How to complete this task » An exact copy is the goal: every line from the one containing "Mid Levels Central - Peach Blossom 07" to the end of the material below, pictures excluded.

Data segment »
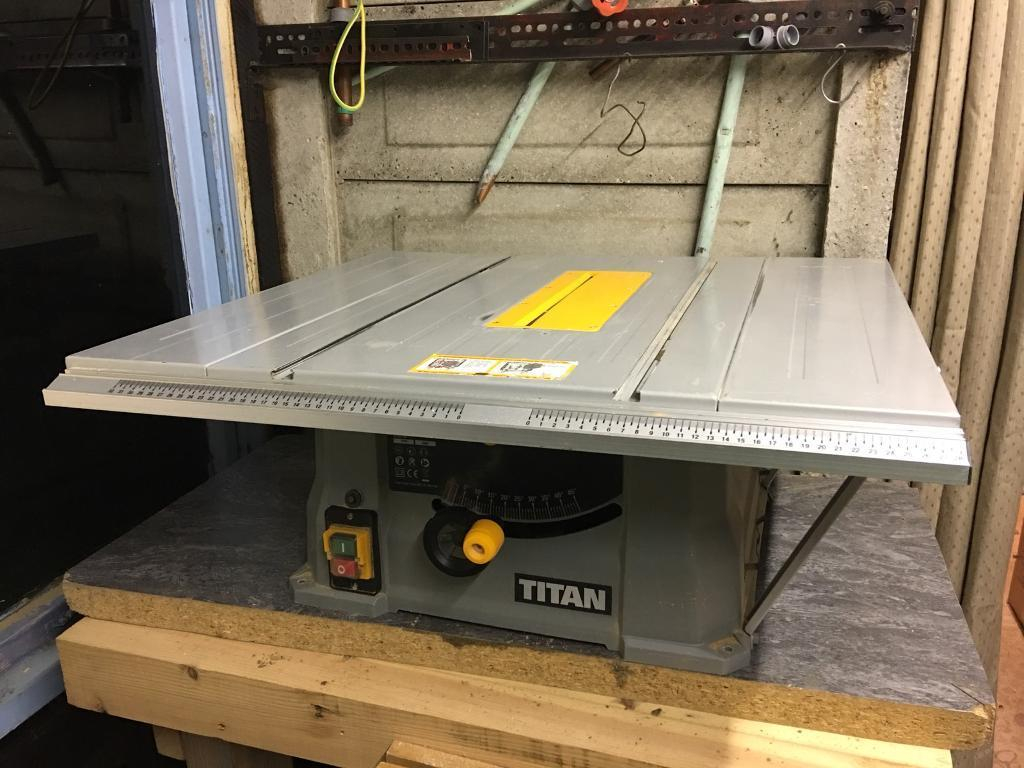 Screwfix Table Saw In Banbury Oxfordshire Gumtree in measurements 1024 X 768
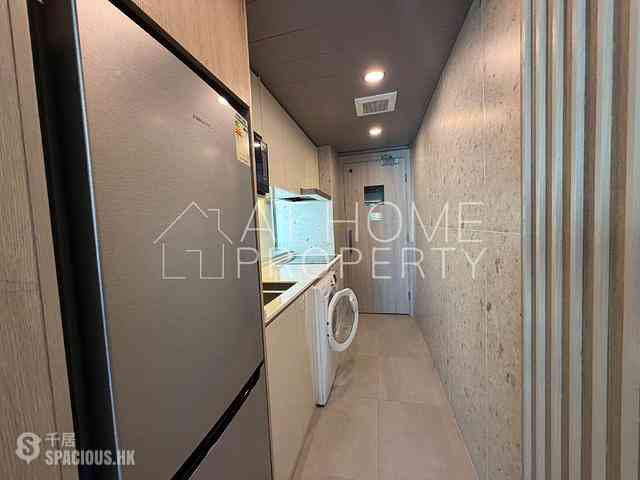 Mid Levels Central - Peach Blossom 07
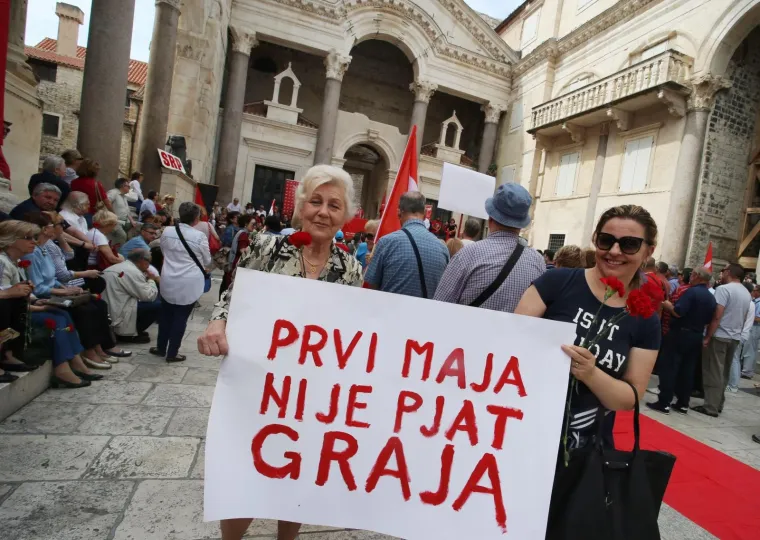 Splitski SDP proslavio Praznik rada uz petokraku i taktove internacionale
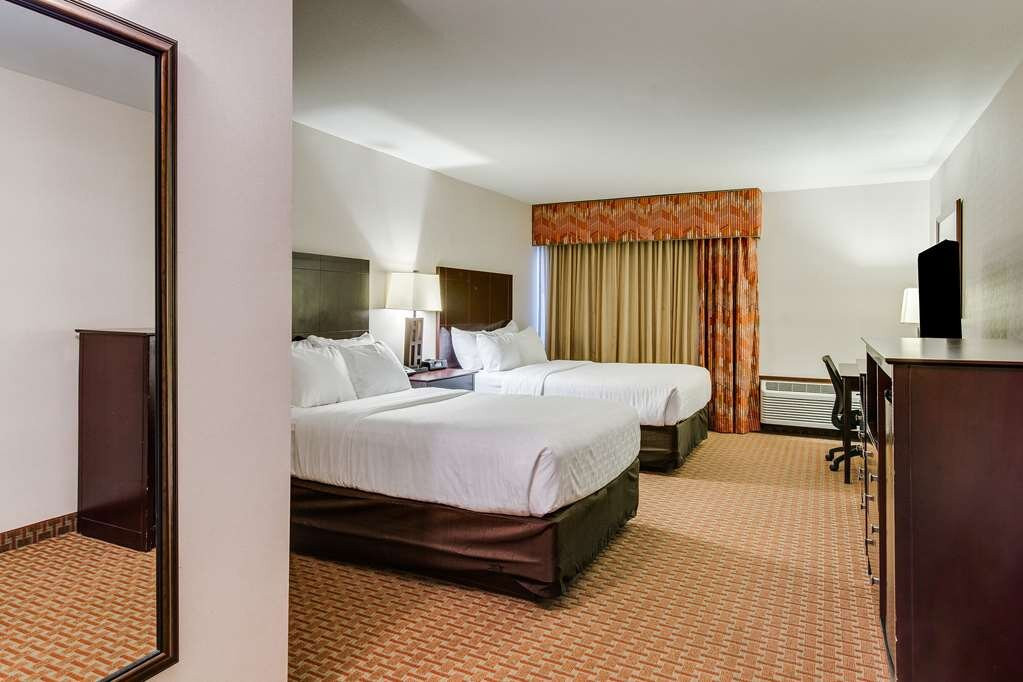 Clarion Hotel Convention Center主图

Solution to the problem »
 Mid Levels Central - Peach Blossom 07
 Splitski SDP proslavio Praznik rada uz petokraku i taktove internacionale
 Clarion Hotel Convention Center主图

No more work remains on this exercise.